The server should now be running at localhost:4000.

Domain Model

There are four core concepts behind the Hyperledger domain model:

  1. Assets — assets are defined by a contract document. The document is hashed with SHA256 and this has is used as the asset identifier. Contract documents can be any type of file, but the preferred type is a JSON document which is easily parseable by machines and people. Hyperledger does not store the document itself, only the hash. This enables you to keep the details of the asset private by handing out the contract to specific parties. When an asset is first registered it is associated with a public key; only that key is authorised to create new units of that asset. For more information see [Ian Grigg's paper on Ricardian Contracts] (http://iang.org/papers/ricardian_contract.html).
  2. Accounts — accounts are identified by a public key and are tied to a specific asset; if you want to hold multiple assets you need to create one account per asset. Account balances must always be positive. When you register an asset you create an account at the same time. This is known as the 'primary' account for that asset, and is the only account that can receive new units of an asset. Transfers out of an account must be authorised by the associated key.
  3. Issues — issuing units is the process of introducing new units into the system.
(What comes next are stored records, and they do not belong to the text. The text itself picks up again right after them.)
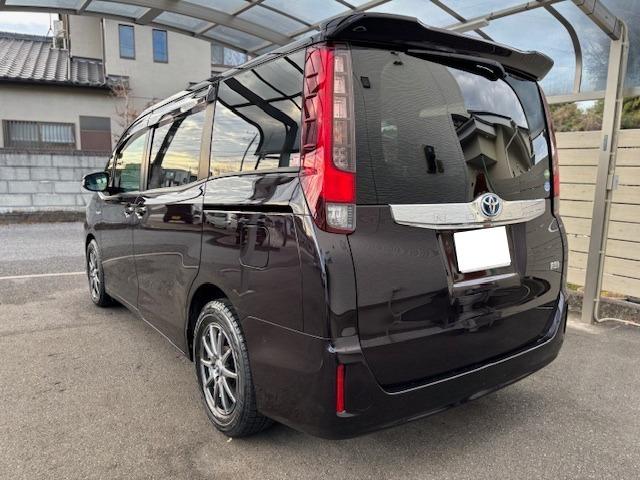 ノア ハイブリッドＧ　禁煙車　純正９インチナビ　ＴＶ　Ｂｌｕｅｔｏｏｔｈ　バックカメラ　ＥＴＣ　デジタルインナーミラー　前後ドラレコ　左側パワースライドドア　前席シートヒーター　ＬＥＤヘッドライト　フロント／リヤエアコン（6枚目）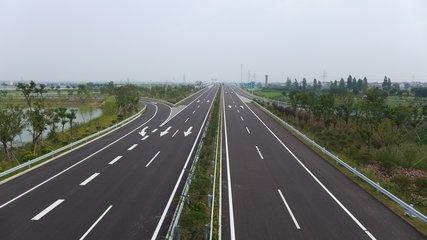 在云南昆明应该怎么样办理公路工程资质
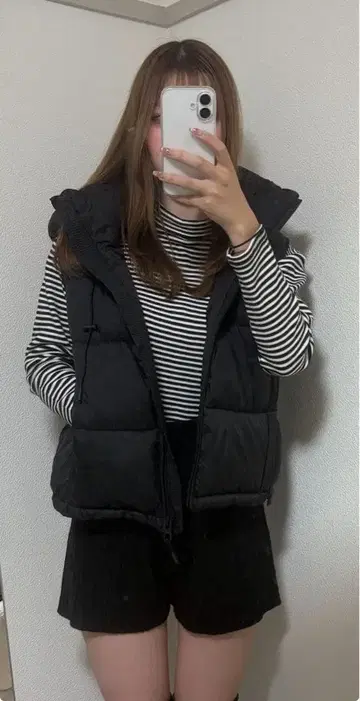 자라 ZARA M 블랙 후드 부착 다운 베스트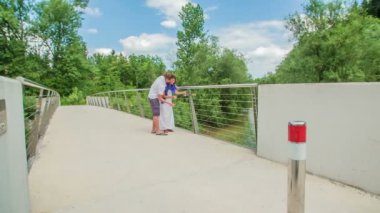 Köprüye kilit vurduktan sonra bir çift birbirini öpüyor..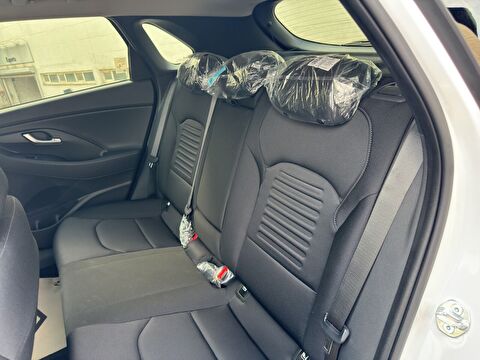 hyundai, i30, 1.5 t-gdı mhev comfort dct, otomatik, benzin 2.el otomobil | renew 18
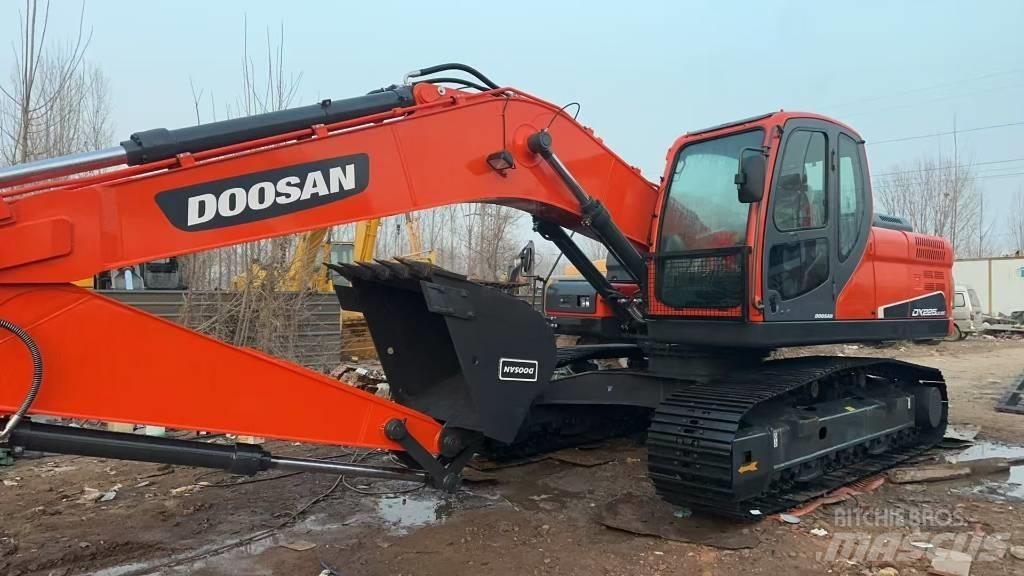 Doosan DX 225 LC Vikšriniai ekskavatoriai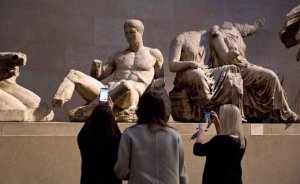Guardian köşe yazarı Simon Jenkins Parthenon Heykelleri'nin Atina'ya iadesini istedi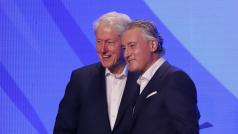 Вдъхновен от 42 рия американски президент Бил Клинтън председателят на Конфедерацията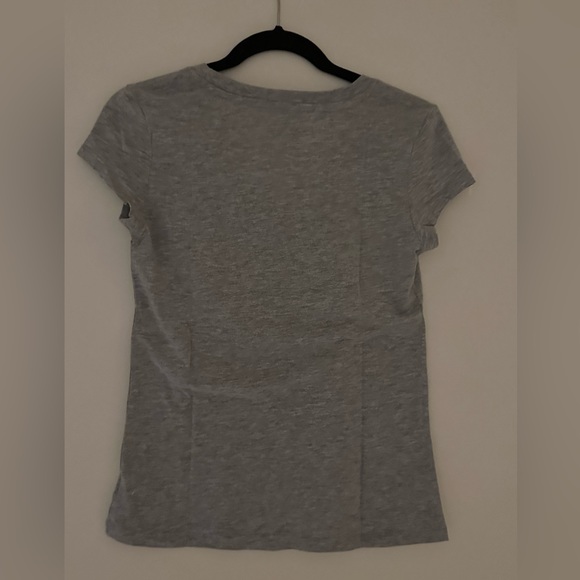 Clueless #Whatever Gray Tshirt, Short Sleeves, good condition and quality! - Picture 2 of 3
Issuing must be authorised by the key associated with the asset and can only be received by the primary account for that asset.
  4. Transfers — units can be transferred from one account to another. The key of the source account must be used to authorise transfers and the account balance can not fall below zero.
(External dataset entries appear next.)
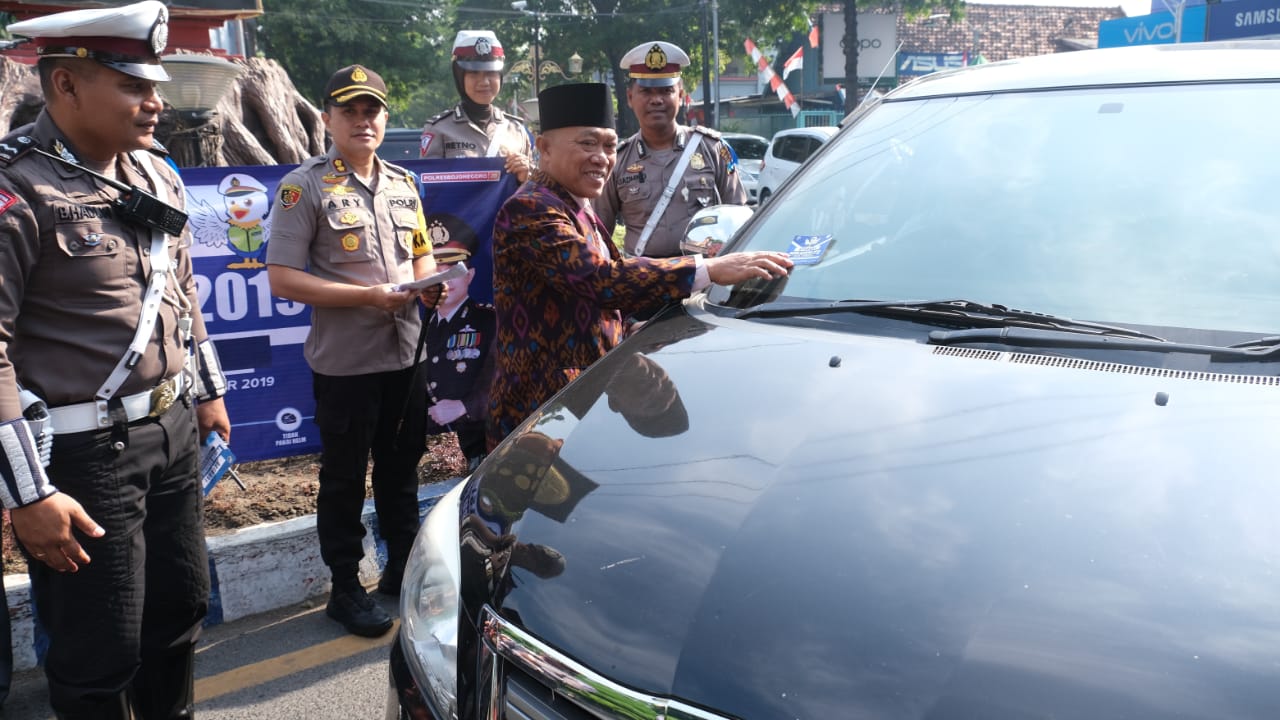 Sosialisasi, Forkopimda Bagikan Selebaran pada Pengguna Jalan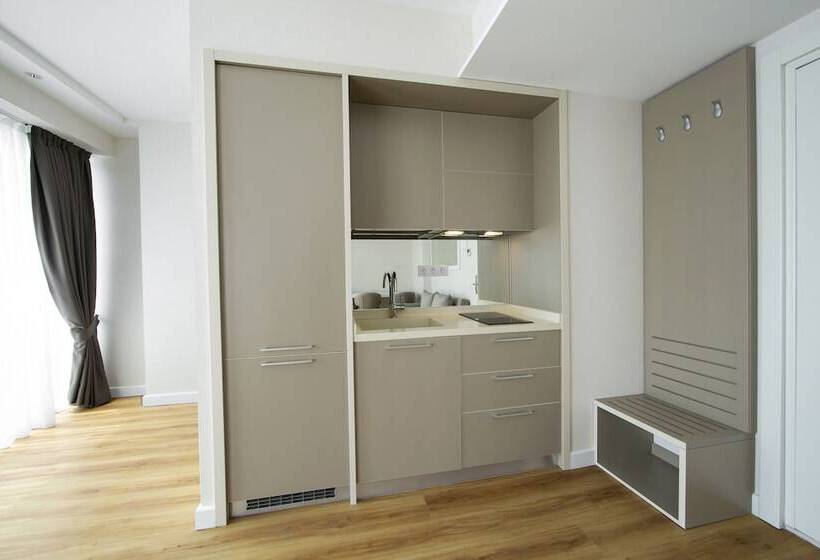 سوییت خانوادگی, Alliance Palace Batumi 37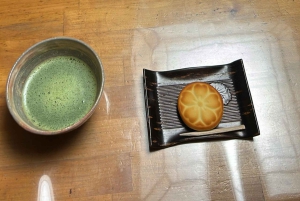 Tokyo : Traditional Creativity/Kanzashi, Zen, Letters & Tea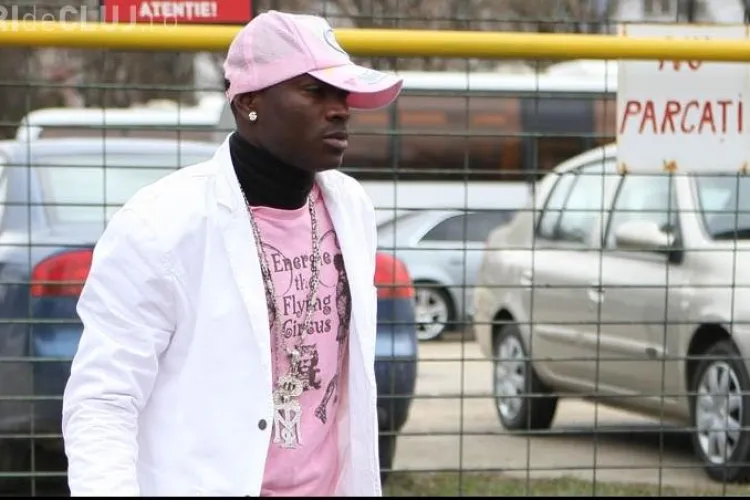 Jucatorii Astrei Ploiesti, N'Doye si Fatai, si-au facut de cap la Cluj. Aveau o "domnisoara" in camera de hotel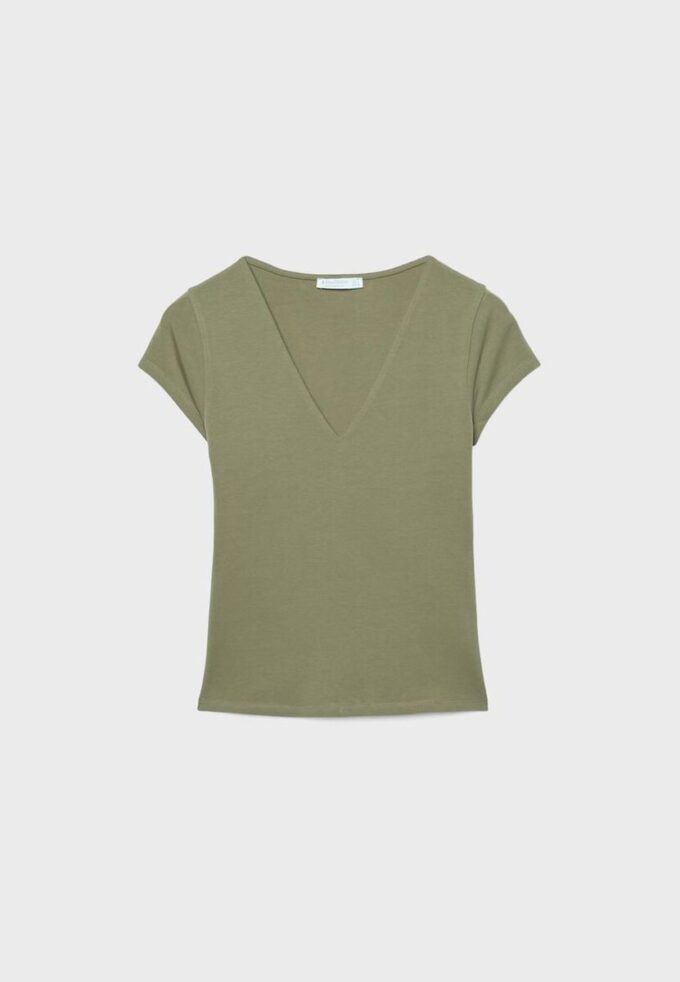 T-shirt à manches courtes et col en V
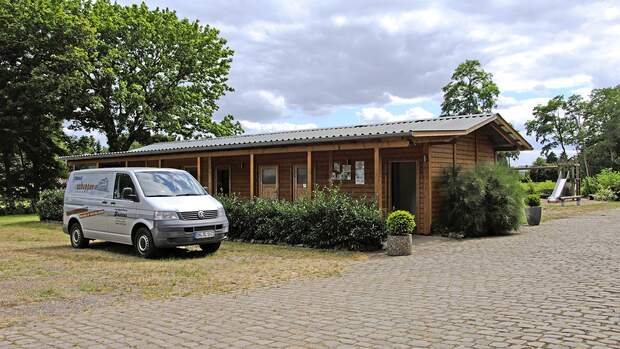 Wohnmobil- und Caravanstellplatz Ströher Lokschuppen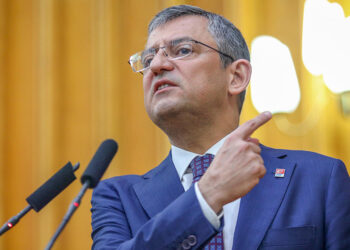 Anayasa'yı çiğnemeye kalkarsam gözüm çıksın 
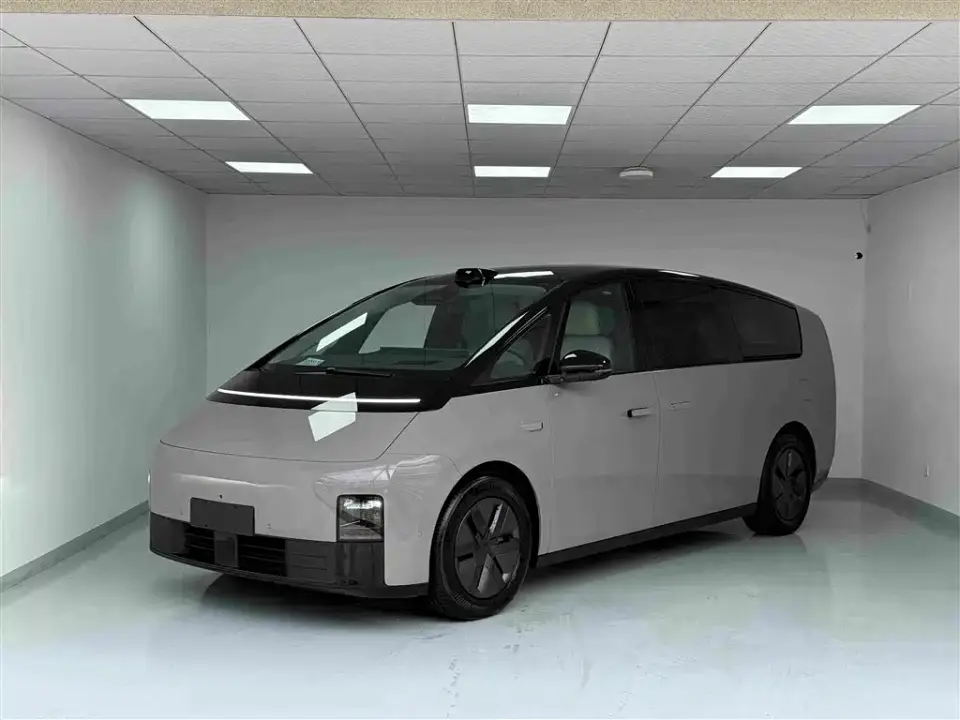 Li Auto MEGA Ultra 2024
All keys used in Hyperledger are EC keys on the curve 'secp256k1'.

API

The API is a standard hypermedia interface exposed over HTTP. The hypermedia format used is UBER. Authors of client libraries are encouraged to use (or create, if none exist) an intermediate library that deals with the UBER representation, rather than assume a fixed structure for requests or responses. However, as the API is not yet fully self-descriptive it is worth looking at the [Hyperledger CLI] (https://github.com/hyperledger/hyperledger-cli) for more information.
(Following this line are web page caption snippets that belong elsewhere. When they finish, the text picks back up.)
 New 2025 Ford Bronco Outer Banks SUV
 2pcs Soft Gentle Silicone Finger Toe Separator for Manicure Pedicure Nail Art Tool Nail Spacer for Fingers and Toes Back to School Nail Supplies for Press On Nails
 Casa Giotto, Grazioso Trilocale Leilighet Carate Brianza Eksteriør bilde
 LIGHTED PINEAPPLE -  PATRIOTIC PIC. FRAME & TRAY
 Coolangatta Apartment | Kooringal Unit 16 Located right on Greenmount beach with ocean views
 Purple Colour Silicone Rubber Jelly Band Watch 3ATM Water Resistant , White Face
When POSTing new resources, the key for the new resource must be used to sign the message to ensure authenticity. The key and the signature should be encoded as uppercase hex, and used to generate an 'authorisation' (case sensitive) header as follows:

authorisation: Hyper Key=<public key>, Signature=<signature>

New resources are created by POSTing authenticated JSON resources. All binary strings (hashes and keys) should be encoded as hex strings. The resources should be structured as follows:

POST /assets
{
  "asset": {
    "hash": <SHA256 hash of contract document>,
    "publicKey": <asset public key>,
    "primaryAccountPublicKey": <primary account public key>
  }  
}

POST /accounts
{
  "account": {
    "assetHash": <asset hash>,
    "publicKey": <account public key>
  }
}

POST /asset/<asset hash>/issues
{
  "issue": {
    "uuid": <UUID version 4>,
    "assetHash": <asset hash>,
    "amount": <integer amount>
  }
}

POST /transfers
{
  "transfer": {
    "uuid": <UUID version 4>,
    "sourcePublicKey": <source account public key>,
    "destinationPublicKey": <destination account public key>,
    "amount": <integer amount>
}

Replication

An Hyperledger pool is a set of servers which replicate an ordered list of write operations. Read operations are not ordered, and it is the responsibility of clients to check the status of operations against the other servers in the pool.